A prominent Chinese economist has suggested there are discrepancies in China's official data, questioning the true state of the world's second-largest economy.
The critique by Gao Shanwen, chief economist at SDIC Securities and a former official at China's central bank, comes as many economists question China's officially reported figures and as the country continues to grapple with a property sector crunch, high youth unemployment and a range of other issues.
China reported GDP growth of 5.2 percent last year and set a target of around 5 percent for 2024. However, the People's Daily, a state-run newspaper, recently tempered expectations by emphasizing there is no need to "worship speed."
"Among China's aggregate data, the most reliable is price, which can be sampled and is difficult to manipulate by various forces," Gao said. In contrast, other data, he argued, is more vulnerable to "non-statistical factors."

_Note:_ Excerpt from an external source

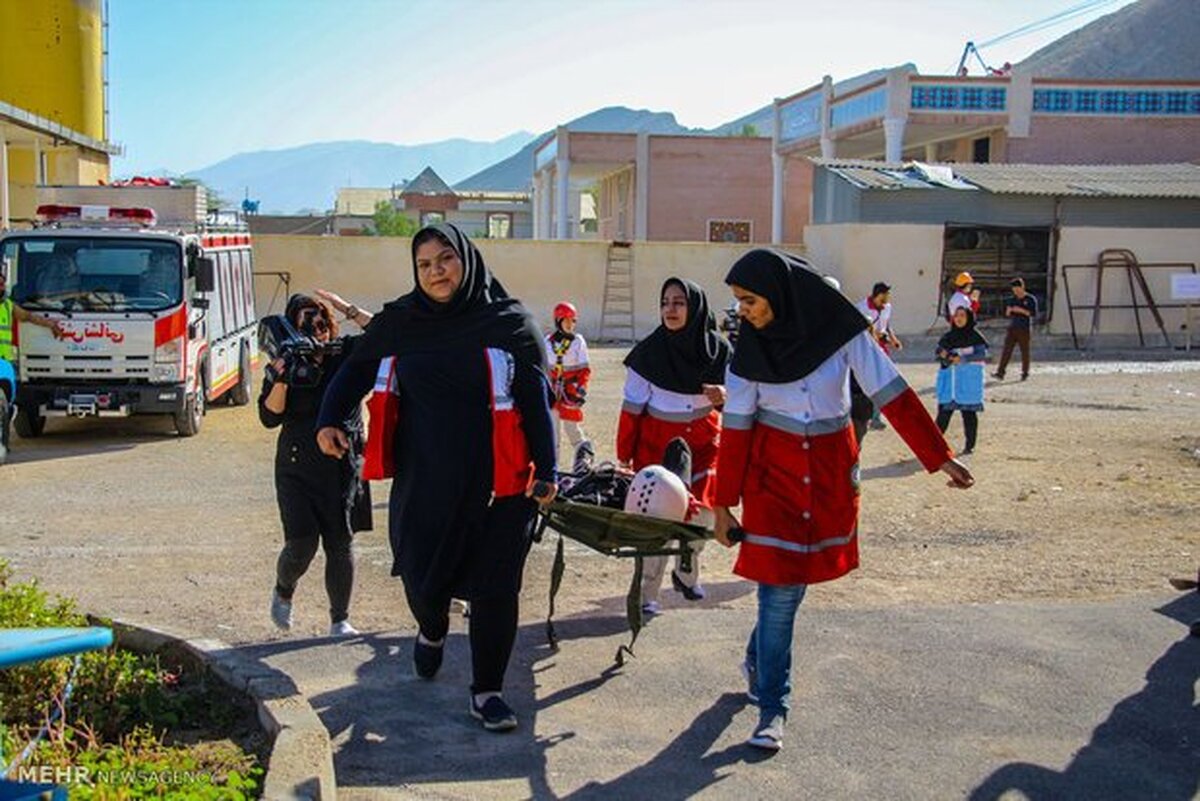 در آستانه هفته هلال احمر رزمایش امداد و نجات با حضور ۷۰ عضو جمعیت جوانان هلال احمر استان خراسان رضوی در دانشگاه بین المللی امام رضا (ع) برگزار شد.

One area of concern is the relationship between GDP growth and employment. Gao noted that before the pandemic, economic growth reliably translated into increased urban employment. However, he said this correlation has broken down in recent years.
"If we think the employment data is credible, then economic growth is too high," he said. "If we think the economic growth data is credible, then the employment data is too low."
Gao also pointed to irregularities in consumption and investment trends.
Prior to COVID-19, consumption often grew at a rate slightly faster than the overall economy. Since the pandemic, however, economic growth has outpaced both consumption and investment, a relationship he described as "significantly abnormal."
The economist highlighted the persistent challenges in China's real estate sector, a key driver of economic difficulties. The sector has struggled since the collapse of Evergrande in 2021, which marked the bursting of China's property bubble.
"It has been more than three years now, and it is one of the main reasons for the current economic difficulties," Gao said. "This is a fact widely accepted by everyone."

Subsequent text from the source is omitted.